Jornal Estado de Minas

Debandada pode adiar reforma administrativa na PBH

Juliana Cipriani
Os estragos da reforma administrativa que o prefeito Marcio Lacerda (PSB) apenas começou a fazer na prefeitura já estão indo além do distanciamento de petistas e tucanos, principais aliados e responsáveis por sua eleição há três anos. Agora o PR ameaça romper com a administração do socialista e lançar candidato próprio para engrossar a fila de alternativas na sucessão de 2012. A choradeira entre os partidos da base é geral e, com o clima de insatisfação, a expectativa é de que Lacerda adie ainda mais o desfecho das mudanças.
A redistribuição de cargos prometida com a reforma na PBH não tem agradado os aliados. A Executiva municipal do PR, por exemplo, teria sido excluída das conversas. Os dirigentes entendem que as atuais indicações de filiados que trabalham na prefeitura não são partidárias. “Existem indicações de parlamentares do partido tratadas diretamente com a prefeitura, então, o PR não se sente parte integrante do governo.
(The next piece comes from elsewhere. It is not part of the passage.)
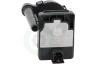 Beko Wasdroger 2962510900 Pomp Condenspomp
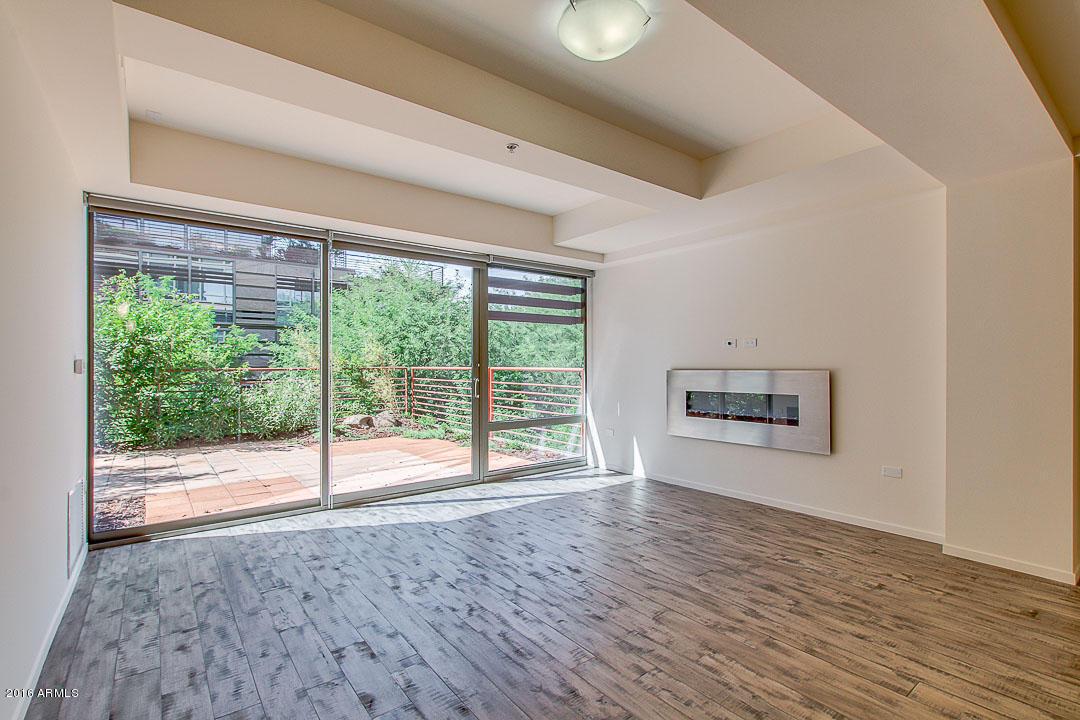 7131 E Rancho Vista Dr. #3009, Scottsdale, AZ 85251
Esse sentimento no partido cresceu a tal ponto que podemos oferecer candidatura própria à prefeitura”, afirmou o presidente do PR de Belo Horizonte, Leonardo Portela.
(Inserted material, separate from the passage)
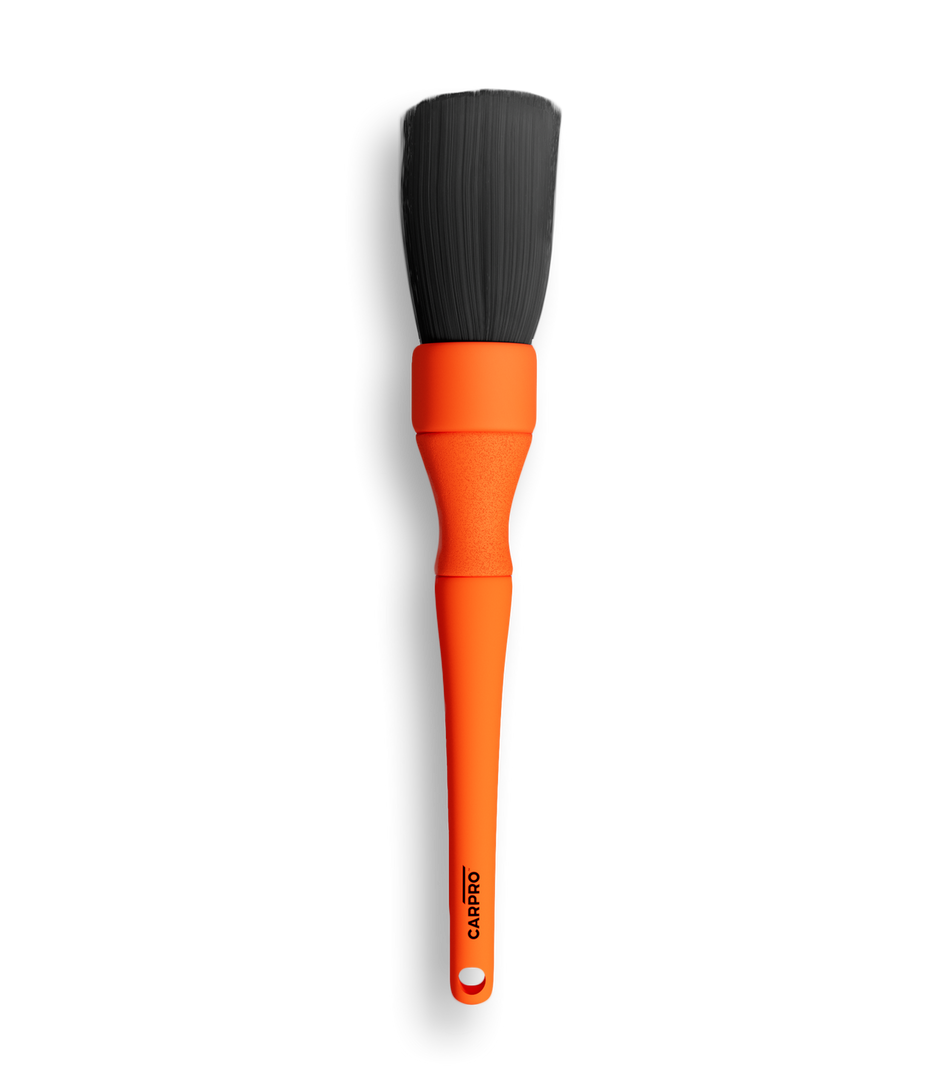 CARPRO XL BRUSH THUMBNAIL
Conforme o dirigente, o próprio nome, os dos deputados federais Lincoln Portela e Jaime Martins e o senador Clésio Andrade estariam à disposição para concorrer na sucessão. O PR tem atualmente o comando da Secretaria de Administração Regional Norte, com Harley Carvalho, mas ele é indicado de Clésio. “Os parlamentares existem por causa do partido e não o contrário. O PR de BH não tem nenhum cargo e o partido não foi chamado para conversar”, afirmou Portela.

Indicação não reconhecida pelo partido também é um problema no PT. Os dois grupos internos na legenda entendem que Paulo Bretas, nomeado secretário de Planejamento, Orçamento e Informação não contempla o PT. Ele seria próximo do ex-ministro do Desenvolvimento Social, Patrus Ananias, mas os próprios aliados dele não se sentem representados.
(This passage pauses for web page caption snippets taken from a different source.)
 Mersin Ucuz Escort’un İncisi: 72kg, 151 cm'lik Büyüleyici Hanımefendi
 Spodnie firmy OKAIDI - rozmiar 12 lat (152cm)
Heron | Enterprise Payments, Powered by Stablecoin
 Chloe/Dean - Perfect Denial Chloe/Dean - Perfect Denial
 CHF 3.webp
Informações internas do PSB são de que Lacerda vai segurar ainda mais a reforma para continuar as conversas com os partidos. Até mesmo socialistas já começam a avaliar a possibilidade de o prefeito ficar isolado na eleição, já que se PT e PSDB lançarem candidaturas próprias, a tendência é de que outros aliados os acompanhem na debandada.

No PPS, que perdeu a secretária Sílvia Helena – de volta à Câmara Municipal em vaga de suplência aberta em outubro – também está indefinida a participação depois da reforma.